“Fit, pulang
Ciamis kapan? Ikutan dong” tanya saya ke Fitri.
Nur Fitriyani, begitu nama lengkap salah satu adik ideologis
saya di kampus Psikologi UNS. Dara asli Ciamis itu berkali-kali mengajak saya
untuk main ke kota kelahirannya. Kota Ciamis memang punya magnet untuk
didatangi, sebab ada salah satu karib saya yang kini menetap disana. Sakinah
namanya.
Singkat cerita, tanggal 27-29 Desember 2013 saya memutuskan
ikut Fitri ke Ciamis sekaligus silaturahim ke rumah Saki dan keluarganya. Bagi
saya, melakukan sebuah perjalanan selalu
bisa menjadi sarana untuk berdamai dengan diri sendiri dan berpikir lebih
jernih. Ada saja hikmah yang saya temukan dari teman perjalanan maupun
tempat yang dikunjungi.
Sore hari tanggal 26 Desember 2013 kami berangkat pukul 16.40 dari Terminal Tirtonadi menggunakan bus
Budiman seharga Rp 75.000,00 dan tiba di alun-alun Ciamis pukul 04.00 dini
hari. Total perjalanan 11 jam terbayar tuntas dengan bubur kacang hijau plus teh anget rasa tawar traktiran Bapak sama Ibunya Fitri di Warung Burjo
sekitar alun-alun. Ada fenomena yang
sangat menarik di kota Ciamis. Kalau kita berkunjung ke setiap warung makan
yang ada disana, kita pasti di kasih segelas teh anget tawar GRATIS. Jadi, kita
gak perlu keluar duit untuk bayar
minum :). Alhamdulilah. Usai makan,
kami mampir sejenak ke masjid Agung Ciamis. Masjid tersebut me-recall memori saya dua tahun silam.

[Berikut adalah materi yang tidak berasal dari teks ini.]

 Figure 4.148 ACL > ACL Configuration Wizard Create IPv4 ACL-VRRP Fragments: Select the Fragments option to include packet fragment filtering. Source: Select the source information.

[flasback] Tanggal 27-29 Januari 2011 saya, Nyun, dan Anti pernah ke Ciamis. Kami main
ke Sungai Cipalih, Alun-alun Ciamis, Jembatan Cirahong, belanja di pasar
Imbanagara, bahkan kami datang ke balong
(empang) untuk terapi kaki dengan ikan.
Nah! Dua tahun sebelumnya saya pernah ke kota Ciamis dengan
orang-orang spesial dalam sejarah hidup saya. Hari itu saya kembali, walau
dengan orang yang berbeda. Ternyata
dalam sebuah perjalanan, saya jadi belajar merangkai kenangan-kenangan yang
saya punya kemudian mengikatnya dengan simpul persaudaraan. Saya jadi tau
sesiapa saja yang hadirnya bermakna bagi saya. Well, selamat datang kembali di Ciamis!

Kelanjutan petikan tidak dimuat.